WASHINGTON — An 18,000-page declaration submitted by North Korea to the U.S. is stirring debate about whether U.S. intelligence agencies previously overstated how much plutonium the Pyongyang government might have produced for its nuclear weapons program.

Bush administration officials have declined to comment on the declaration, which State Department officials say will take weeks to wade through, but they have indicated that North Korea is acknowledging it produced 37 kilograms of plutonium, or about 81 pounds.

That total would be more than the 30 kilograms, about 66 pounds, that North Korea has acknowledged previously, but somewhat less than the 40 kilograms to 50 kilograms (88 pounds to 110 pounds) that U.S. intelligence agencies had calculated in the past. Estimates on how many nuclear bombs North Korea could wring from its plutonium program have ranged from six to 10.

No one in the administration is prepared to accept the documents at face value, a Bush administration official said, and some intelligence analysts are particularly wary of the numbers they have seen so far. The official said that State Department negotiators were continuing to push the North to be as forthcoming as possible.

"We're coming to an important juncture in this process," Christopher R. Hill, the chief North Korea nuclear negotiator, told reporters in Moscow on Friday after meeting with his Russian counterpart and after meetings this week in Beijing with North Korean officials.

State Department officials have assembled a team of reactor experts and translators to review the seven boxes of documents in hand so far, and they say the process is slow going. The documents go back to 1987 and contain information about North Korea's three major campaigns to reprocess plutonium for nuclear weapons — in 1990, 2003 and 2005, administration officials said.

The documents do not include any information about North Korea's uranium program or the country's proliferation activities.
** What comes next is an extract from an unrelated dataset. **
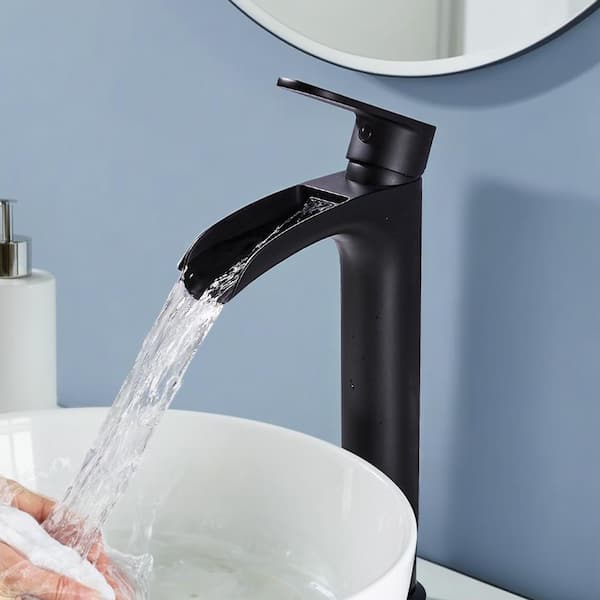 Waterfall Single Handle Bathroom Faucet with Metal Pop-Up Drain in Matte Black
The declaration is part of a so-called "six parties" nuclear agreement — still a work in progress — among North Korea, the United States, Russia, China, Japan and South Korea for the denuclearization of the Korean Peninsula.

Both the declaration and the agreement are facing skepticism from Congress and from more hard-line North Korea experts who say that the North cannot be trusted. A former U.S. diplomat who recently met with North Korea officials said Thursday at a forum on North Korea that the North was not planning to give up all its nuclear weapons or material when the agreement was completed.